Low performance both iSCSI and AoE

We are looking for a resonable speed storage. Because of low budget we decided to use software iSCSI or AoE targets. Before we change our production infrastucture, we are doing some tests to choose the best technology.

For testing we use:

  • Fujitsu Siemens RX200 S4 as target
  • Fujitsu Siemens RX200 S4 as initiator
  • NetGear managed 1GBit switch
  • onboard NICs (Broadcom w/TOE), EdiMax NICs, Broadcom NICs w/TOE - all 1GBit
  • target server is using a QLogic controller with 6 2TB WD Blue SATA drives.
  • both target and initiator operating systems are Ubuntu 16.04 LTS with all updates. Switch is dedicated for storage purpose. We test bonds and multipathing.

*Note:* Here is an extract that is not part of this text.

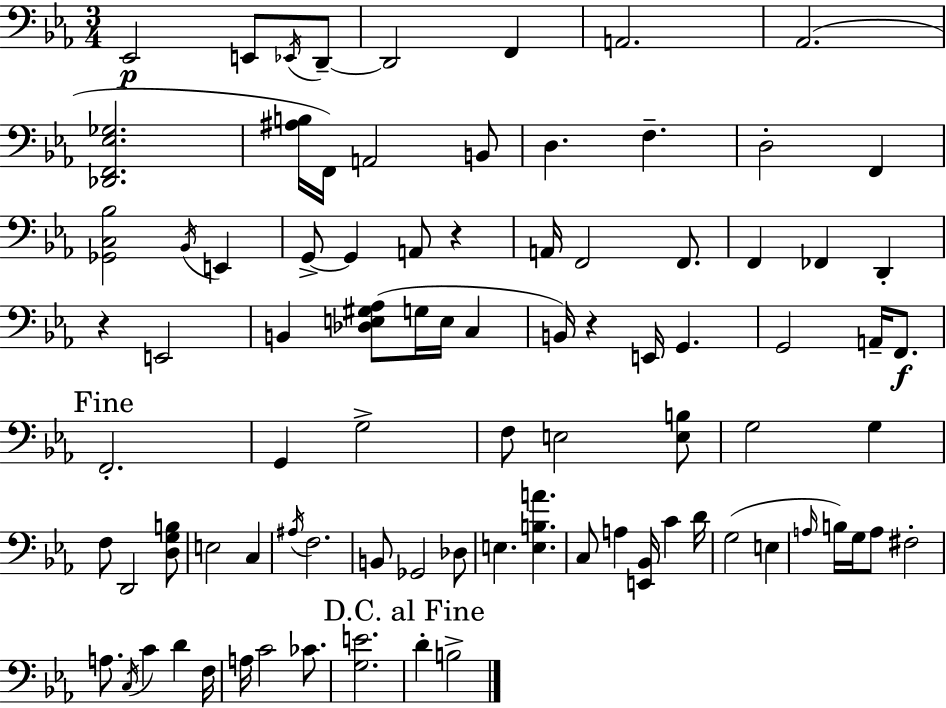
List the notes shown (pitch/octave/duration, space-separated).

Eb2/h E2/e Eb2/s D2/e D2/h F2/q A2/h. Ab2/h. [Db2,F2,Eb3,Gb3]/h. [A#3,B3]/s F2/s A2/h B2/e D3/q. F3/q. D3/h F2/q [Gb2,C3,Bb3]/h Bb2/s E2/q G2/e G2/q A2/e R/q A2/s F2/h F2/e. F2/q FES2/q D2/q R/q E2/h B2/q [Db3,E3,G#3,Ab3]/e G3/s E3/s C3/q B2/s R/q E2/s G2/q. G2/h A2/s F2/e. F2/h. G2/q G3/h F3/e E3/h [E3,B3]/e G3/h G3/q F3/e D2/h [D3,G3,B3]/e E3/h C3/q A#3/s F3/h. B2/e Gb2/h Db3/e E3/q. [E3,B3,A4]/q. C3/e A3/q [E2,Bb2]/s C4/q D4/s G3/h E3/q A3/s B3/s G3/s A3/e F#3/h A3/e. C3/s C4/q D4/q F3/s A3/s C4/h CES4/e. [G3,E4]/h. D4/q B3/h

Our problem is low read speed. For testing we use dd and a 40-100GB file.

  • local read and write on a target server is over 300MB/s.
  • writing to server by iSCSI or AoE is over 200MB/s which satisfies us.
  • reading from server is always 95-99MB/s.

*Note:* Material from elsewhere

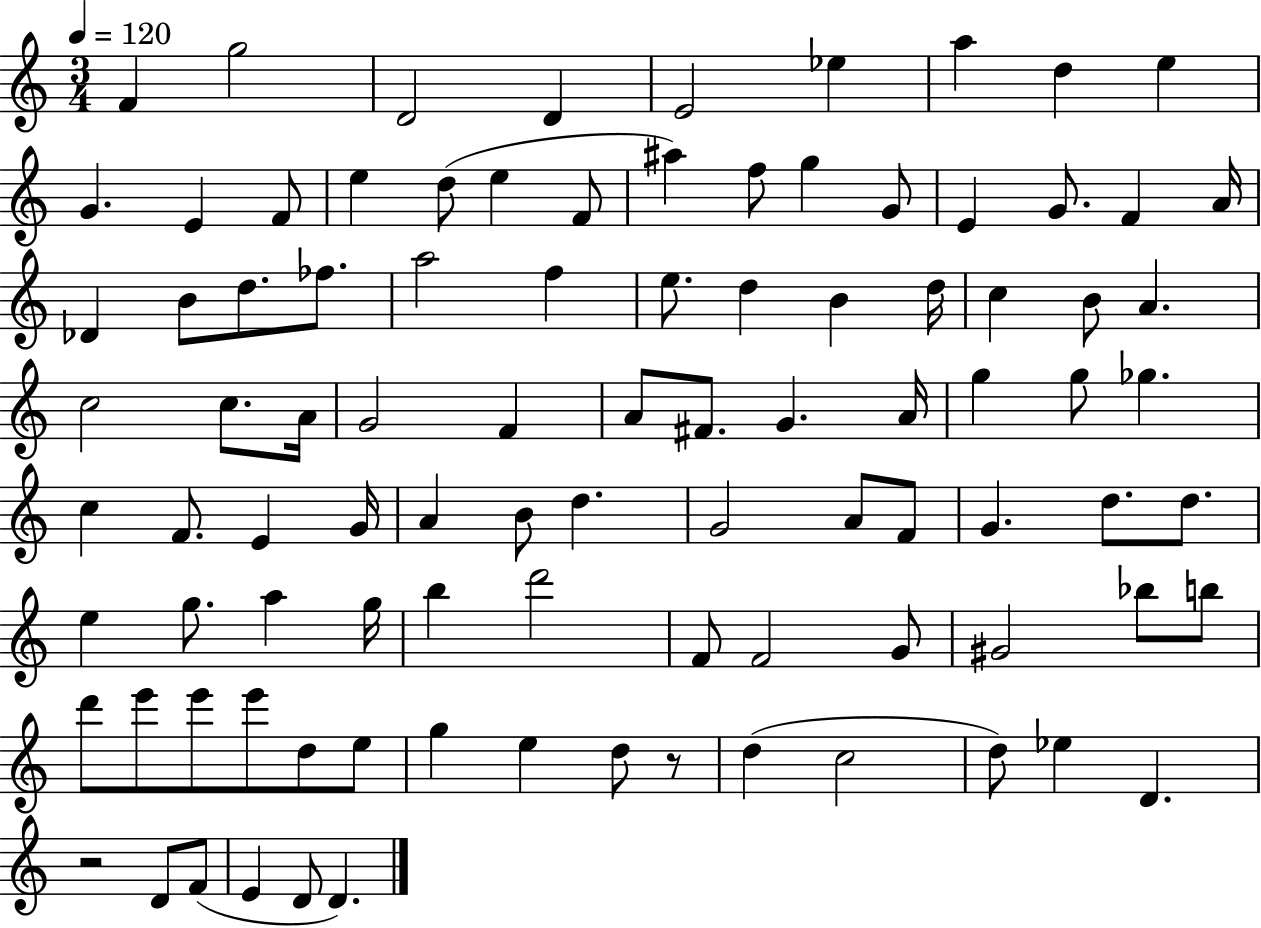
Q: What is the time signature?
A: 3/4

We have tried ietd, aoetools, LIO. We have used bonds of 2 NICs: balance-rr and LACP, multipathing with r-r. Used normal and jumbo frames. Finally we even did direct ethernet connection between target and host (no switch).

All test give more less the same results (of course using common NICs without TOE and iSCSI gave 20-30% worse results).

Testing network with iperf showed transfers about 200MB/s (2GBit). Watching NICs usage on target with bmon showed equal utilization of both devices (each about 50MB/s for reading, about 100MB/s for writing).

As we had no luck, we decided to use a third NIC (both sides of course). The results were strange:

  • 2 NICs - 50MB/s each
  • 3 NICs - 33MB/s each

Is there any limit on target software that disables output higher than 1GBit/s?

What do we do wrong?


Solution 1:

To squeeze maximum performance out of iSCSI connected storage you should use Jumbo Frames and MPIO (not LACP). RDMA/iSER is recommended if you can do that.

AOE (ATA over Ethernet) is old and is shit. We’ve got rid of Coraid years ago, already. We are using StarWind https://www.starwindsoftware.com/ as iSCSI target quite a while already and StarWind asked us to migrate off Coraid to whatever storage we could do.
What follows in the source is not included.